Exercises to Teach Listening Skills


 by Sandy Fleming

Listening skills are vital to school and career success, and yet most people receive very little instruction in the subject.

Listening skills are vital to school and career success, and yet most people receive very little instruction in the subject. Michael Opitz, professor of reading at the University of Northern Colorado, and Matthew Zbaracki, Assistant Professor of Elementary Education at Rhode Island College, make a very good case for including listening exercises in the routine curriculum for all ages. Many children receive as much as half of their educational programming through listening but have little instruction on how to listen effectively. Exercises in five categories can help rectify this situation.

Paying Attention

The first strategy to develop listening skills is to pay attention. Focusing attention on the words is vital to comprehension and recall. Exercises and practice can help learners improve this skill. Before starting, declare a "secret word" that will be mentioned in the listening text and have learners respond when they hear it. Audience participation stories are also fun for students of all ages. These stories set up specific words as cues for the audience to shout, move or respond to when the words are heard. The cue words are sprinkled throughout the story, eliciting audience responses every few sentences.

Discriminating

Good listening also relies on distinguishing between words, particularly similar-sounding words. Listeners may have particular difficulties with hearing differences at the ends of words. An exercise to help with this skill is called "Stranger in the House." The leader says a list of four to ten words that all end with the same sound or the same syllable and includes one word that ends differently. For example, the list might include "sat," "bet," "hit," "car," "jet," "dot." When players identify the word that does not belong to the group, they shout it out. In this example, it would be "car."

Building Memory

Listening also involves memory skills. In order to be a good listener, a person must be able to recall the details of what was said. Play auditory memory games to build this skill, such as "I'm going on vacation and I'm going to take..." Each player repeats the list and adds a new item. Auditory memory can also be honed by teaching students to use mnemonics. Names of classmates can be more easily recalled if each person pairs his or her name with a food beginning with the same letter during introductions.
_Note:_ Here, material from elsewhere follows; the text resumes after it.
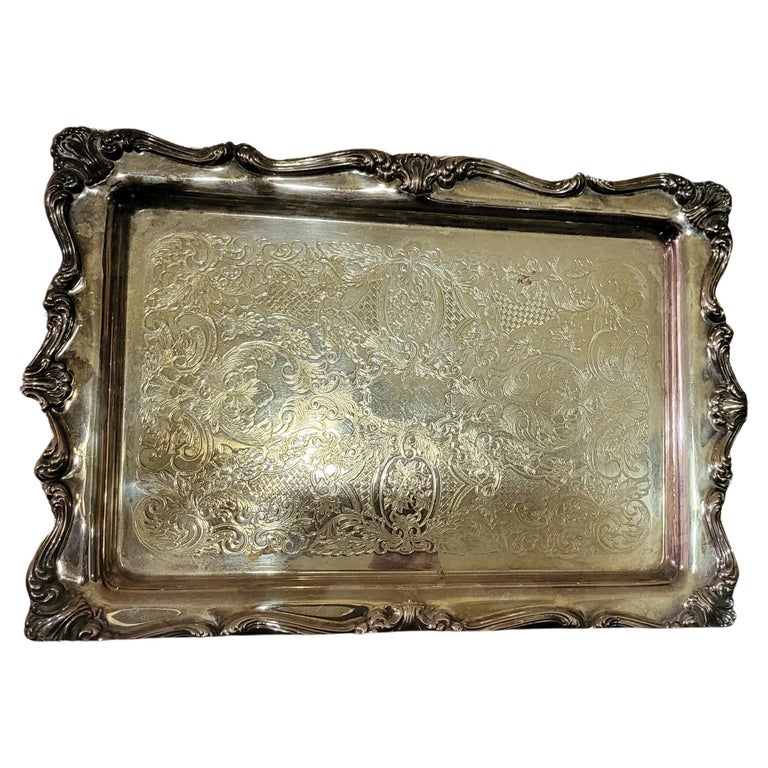 Vintage Oneida Silver Plated Tray x For Sale at 1stDibs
Promoting Active Involvement

Listeners are more effective when they are actively engaged in what is being said. Simply repeating a set of random numbers is a difficult listening task, but students repeating the same set of random numbers to earn points for their team will generally be more successful. Likewise, learners are generally involved if they perceive direct benefit to listening. Play games that rely on listening skills, such as Simon Says for younger children.

Processing Information

Listening skills will also improve when students mentally interact with the information heard. Help students activate previous learning by discussing known information before introducing new ideas. Give students a purpose to listen, such as discovering the answer to a specific question or writing down three facts about the topic. Listeners also benefit from making predictions and summarizing the information presented to them. These activities force the learner to take the information and manipulate it mentally, making later recall more effective. Listeners benefit from interacting with the auditory input.